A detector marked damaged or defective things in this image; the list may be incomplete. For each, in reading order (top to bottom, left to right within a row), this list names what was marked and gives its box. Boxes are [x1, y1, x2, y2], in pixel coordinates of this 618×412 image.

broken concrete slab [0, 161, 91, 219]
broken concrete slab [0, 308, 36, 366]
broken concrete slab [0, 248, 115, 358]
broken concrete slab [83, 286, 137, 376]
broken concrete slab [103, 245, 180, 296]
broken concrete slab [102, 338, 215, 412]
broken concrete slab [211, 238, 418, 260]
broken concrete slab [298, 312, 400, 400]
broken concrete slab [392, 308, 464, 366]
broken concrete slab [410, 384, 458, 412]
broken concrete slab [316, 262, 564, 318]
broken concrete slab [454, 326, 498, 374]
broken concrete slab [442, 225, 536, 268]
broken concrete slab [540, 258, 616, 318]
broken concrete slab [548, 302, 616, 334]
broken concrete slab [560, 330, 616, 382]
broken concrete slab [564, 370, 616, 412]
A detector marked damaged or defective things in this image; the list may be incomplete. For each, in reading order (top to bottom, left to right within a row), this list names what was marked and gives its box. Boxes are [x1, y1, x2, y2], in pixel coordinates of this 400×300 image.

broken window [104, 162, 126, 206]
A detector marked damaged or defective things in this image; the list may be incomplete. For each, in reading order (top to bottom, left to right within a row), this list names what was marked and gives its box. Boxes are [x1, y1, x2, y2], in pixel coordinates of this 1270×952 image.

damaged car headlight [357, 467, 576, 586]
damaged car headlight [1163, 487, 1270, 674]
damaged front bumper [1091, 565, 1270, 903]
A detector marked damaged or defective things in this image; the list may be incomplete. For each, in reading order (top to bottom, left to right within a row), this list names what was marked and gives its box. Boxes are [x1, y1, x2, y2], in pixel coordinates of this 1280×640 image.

== Exercise instructions ==
Reprint exactly, and only, the lines running from the one containing "this 1270×952 image." through the last line of the listing above.

== Exercise result ==
A detector marked damaged or defective things in this image; the list may be incomplete. For each, in reading order (top to bottom, left to right within a row), this list names what was marked and gives its box. Boxes are [x1, y1, x2, y2], in pixel coordinates of this 1270×952 image.

damaged car headlight [357, 467, 576, 586]
damaged car headlight [1163, 487, 1270, 674]
damaged front bumper [1091, 565, 1270, 903]
A detector marked damaged or defective things in this image; the list may be incomplete. For each, in reading order (top to bottom, left to right within a row), this list names what was marked and gives its box. Boxes are [x1, y1, x2, y2], in pixel coordinates of this 1280×640 image.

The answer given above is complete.